I stayed in Cambridge after graduating and worked in a reserved occupation under John Randall during the war. It was in Cambridge I met my wife Janet, an Anglican, historian and teacher. In 1960 I became a professor of mathematics at Westfield College, London, and I have been teaching for twenty years. I found teaching very enjoyable, in fact, more enjoyable than research. At that time, I also developed an interest in botany and in Alpine plants in particular. In many ways I have had a fortunate life. I have travelled in the Himalaya, Bhutan and South Eastern Tibet and had some wonderful experiences. If you have had good fortune such as mine you must be grateful. You must be grateful for your opportunities-- watch out for them, try to seize them.

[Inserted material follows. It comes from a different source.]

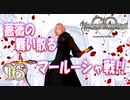 【実況】キングダムハーツ Re:CoM【＃16】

After the war I became naturalised as a British citizen. I took an oath of allegiance to King George VI. Being British means a lot to me, more than if I just happened to be born into it. I think of myself now as English but European too. But I have kept my love of German classical literature and I know many of the Schiller ballads by heart.
After the war I went back to Stuttgart and I saw our house, still there in spite of all the bombing. I saw the vineyards, the forests, and the Jewish cemetery where two of my grandparents are buried. I looked up Günter’s name in the phone book and rang his number. I felt very emotional when he answered, when I heard his voice. We have been friends ever since.